Here’s a large full wall of text from the report, for those interested:

We may integrate artificial intelligence into workflows and processes, including customer interaction activities and operational activities, and difficulties in properly managing its use could result in reputational damage, competitive harm and legal liability, and negatively affect our results of operations. We may begin to use artificial intelligence and machine learning (“AI”) technologies to improve certain workflows and processes used in our business, including certain operational and customer-facing activities. AI is still in its early stages, and the introduction and integration of AI technologies may result in unintended consequences or other new or increased risks and liabilities. If the content, analytics or recommendations that AI applications help produce are, or are alleged to be, deficient, inaccurate or biased, for example due to limitations of AI algorithms, insufficient or biased master data or faulty training methodologies, our business, financial condition, results of operations and reputation could be harmed.
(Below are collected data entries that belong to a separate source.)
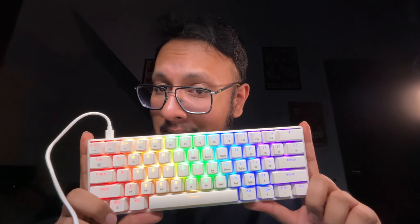I've been using this keyboard for a couple of days and it's been pretty cool. I used it for gaming — played Helldivers 2 and it worked like a charm.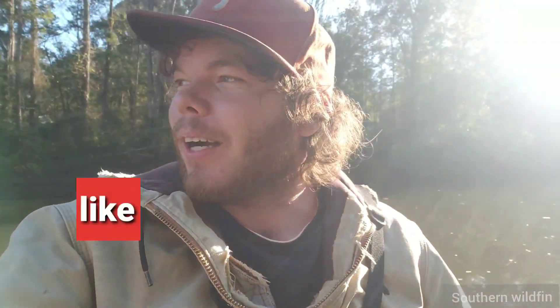Give me a like if you liked the little video that I just did. Like, share, and subscribe. Welcome back to my channel, I'm Wildfin.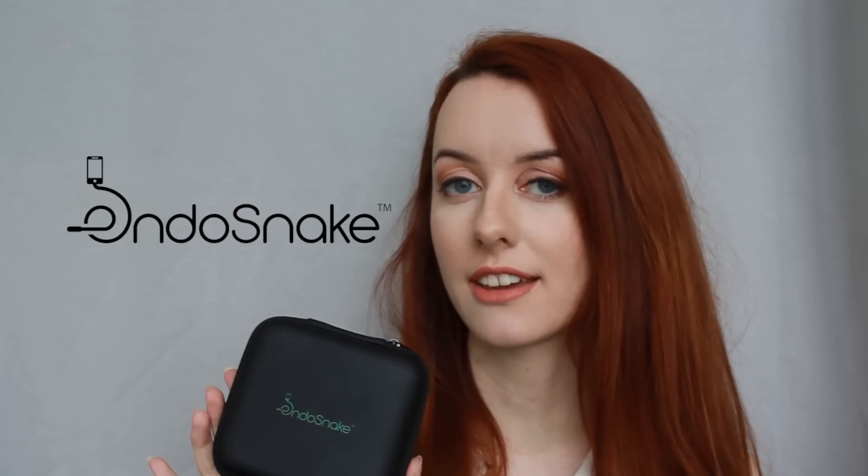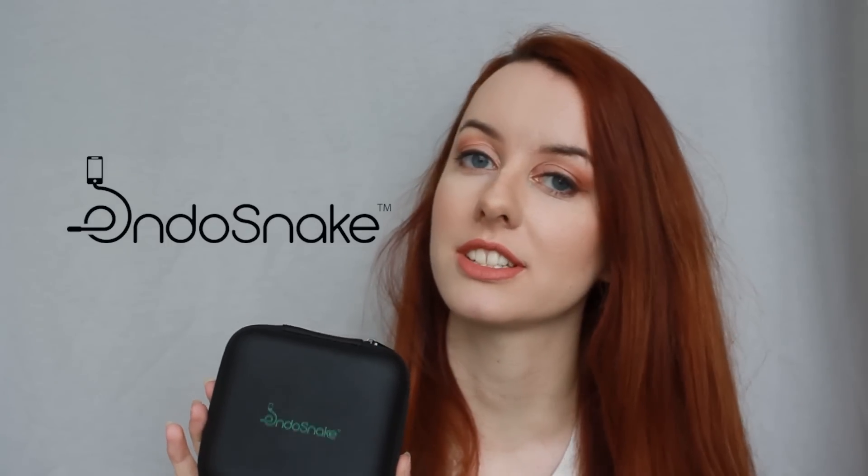I have been given this. It is the Endosnake Viper 3.9, and basically it is the world's smallest borescope — it's a little camera you can fit into gaps. It comes in this nice sturdy case with a nice little corporate logo on there, and inside are some packages.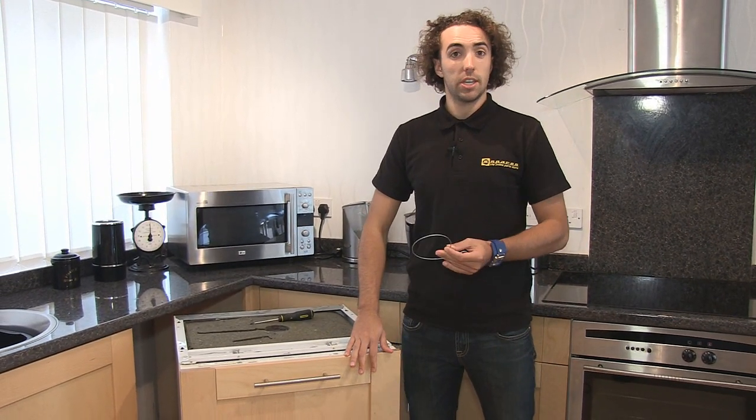Hi, I'm Josh from eSpares and in this video I'm going to show you how to change the door tensioning cable on an integrated dishwasher.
Additionally, if the AI ​​tools used in our manufacturing and operations do not perform as intended, these tools could negatively impact our business and results of operations. Additionally, our competitors or other third parties may integrate AI into their products and services more quickly or more successfully than we do, which could harm our ability to compete effectively and negatively impact our results of operations.
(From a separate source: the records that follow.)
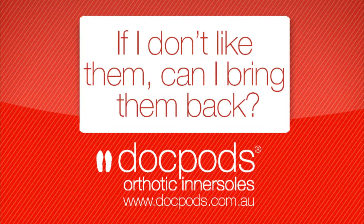A question we often get asked is: if we order our orthotics online and we don't like them, can we send them back? And the short answer to that is yes, certainly. We've sold over 250,000 pairs of our Dock Pods orthotic inner soles and the percentage of returns is very, very small.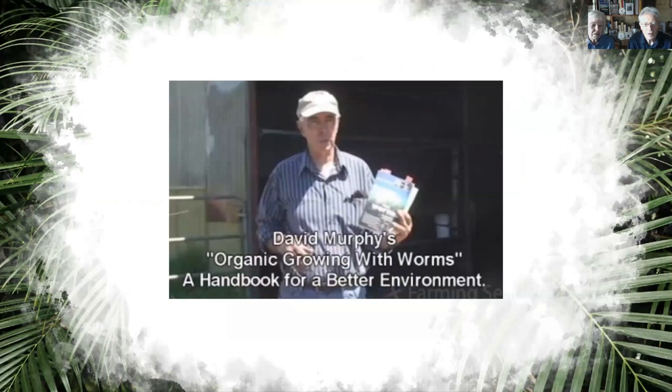David Murphy wrote the book 'Organic Growing with Worms.' We rang David and unfortunately they're out of stock, but it's a fantastic book.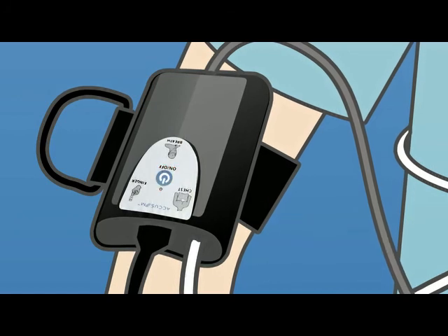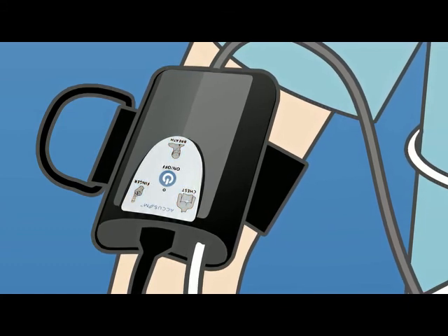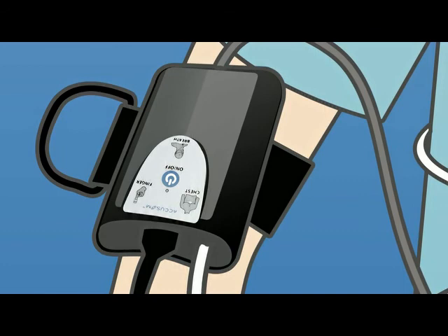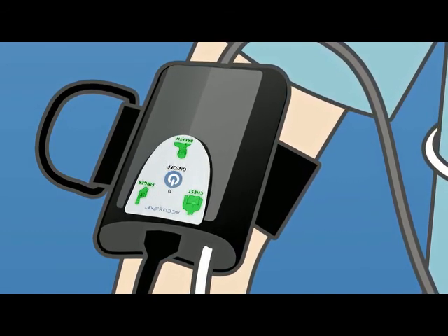The device will prompt you to check the sensors and the lights will flash orange as the device goes through its system checks. Once all connections are verified to be working, the lights will then turn green. The device will then announce: system is now recording.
If our use of artificial intelligence becomes controversial, we could suffer brand or reputational harm, competitive harm or legal liability. There is uncertainty in the AI ​​legal and regulatory landscape, which is not fully developed, and any laws, regulations or industry standards adopted in response to the emergence of AI may be burdensome, result in significant costs and may restrict or hinder our ability to successfully develop, adopt and deploy AI technologies efficiently and effectively.

It won’t be a shock at all if GameStop jumps on the consumer-facing AI wagon, just as it once attempted to do. profit from NFTs And bitcoin with little real success. And incidentally, it appears that GameStop is already implementing AI, at least behind the scenes. A marketing article from earlier this month revealed that GameStop has been using something called YOOBIC, which describes itself as “an AI-powered retail store operations platform,” since 2023. The article, written and published by YOOBIC itself, gushes about the scale of the transition, and at least part of what it does appears to be just harmless data sorting.
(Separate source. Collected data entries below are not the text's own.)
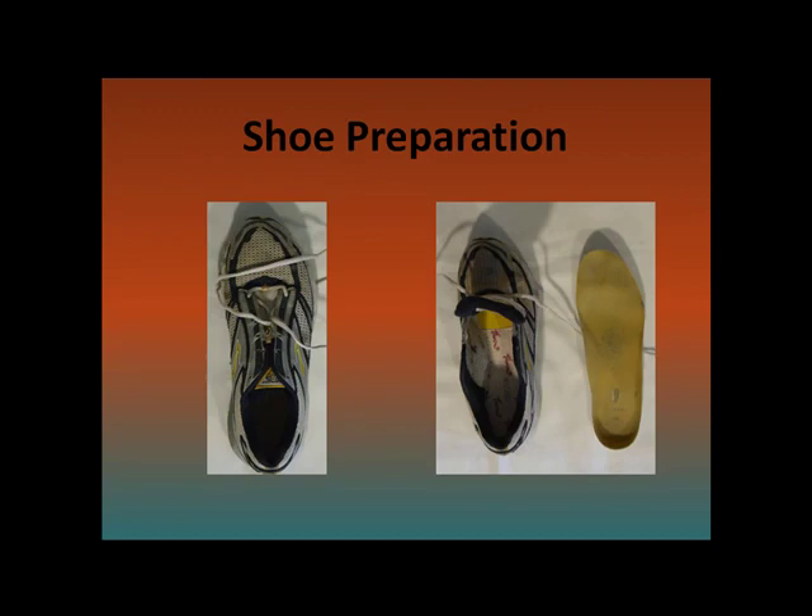To start, unlace your shoes and take out the footbed. I recommend not using gel cell shoes, as this type of shoe creates a real mess when you drill into it.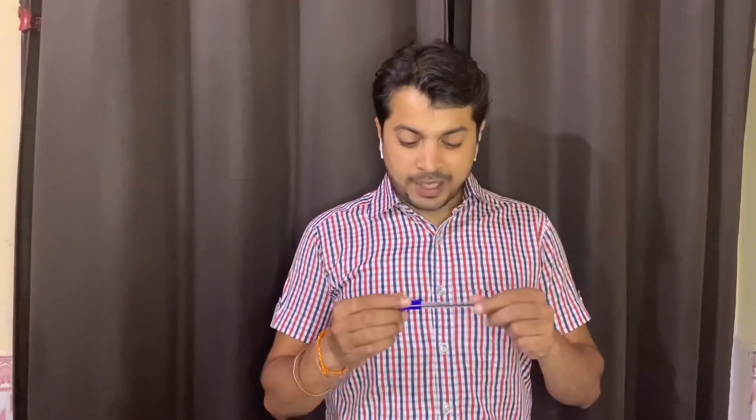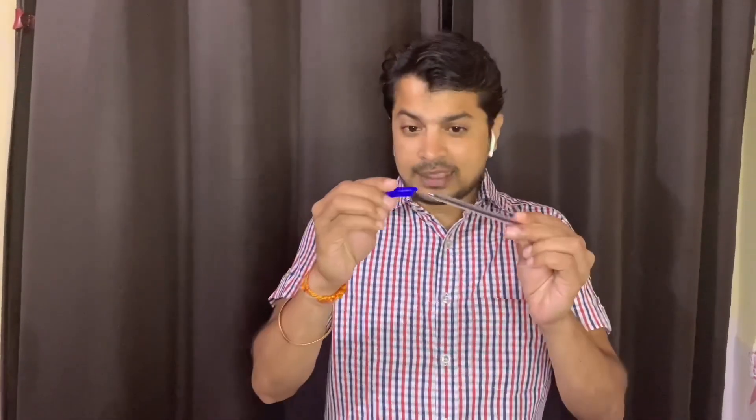Welcome back guys, so let's go to the magic tutorial. This pen magic action is done, so you don't have to do anything if you have a pen. Just like this — it's a normal cap, actually a normal cap. See what's going on.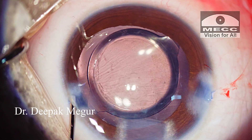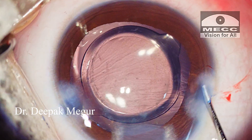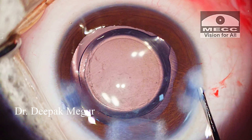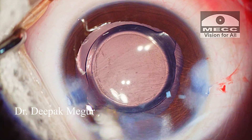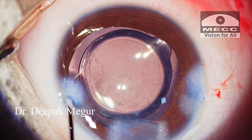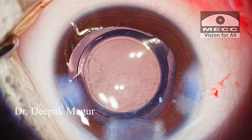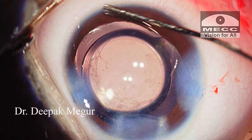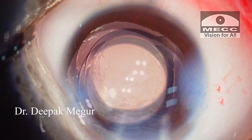That's it — it's time to close now. Stromal hydration is done for sealing the wounds. In children, we need to understand that the tissues are a little bit elastic. Hence, I spend sufficient time to redo stromal hydration a couple of times until I am confident that the wound is watertight.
However, it also appears that GameStop has been beta testing something called “NEO Suite,” which YOOBIC touts as AI employee training technology. From this article, it appears that NEO Suite is fed training materials and then generates news, tasks, modules, and quizzes to train employees, including AI-generated illustrations and a chatbot that can answer questions on topics like uniform policies. My favorite part of this paragraph is the paragraph where YOOBIC explains how complex California law regarding the sale of used goods is, suggesting that it would be better to have an AI to understand the confusing, variable, and jurisdiction-dependent laws rather than having an actual legal expert on hand.

So keep an eye out for any weird AI garbage creeping into GameStop stores or websites. The good news is that if so something like the whole NFT thingit won’t last long.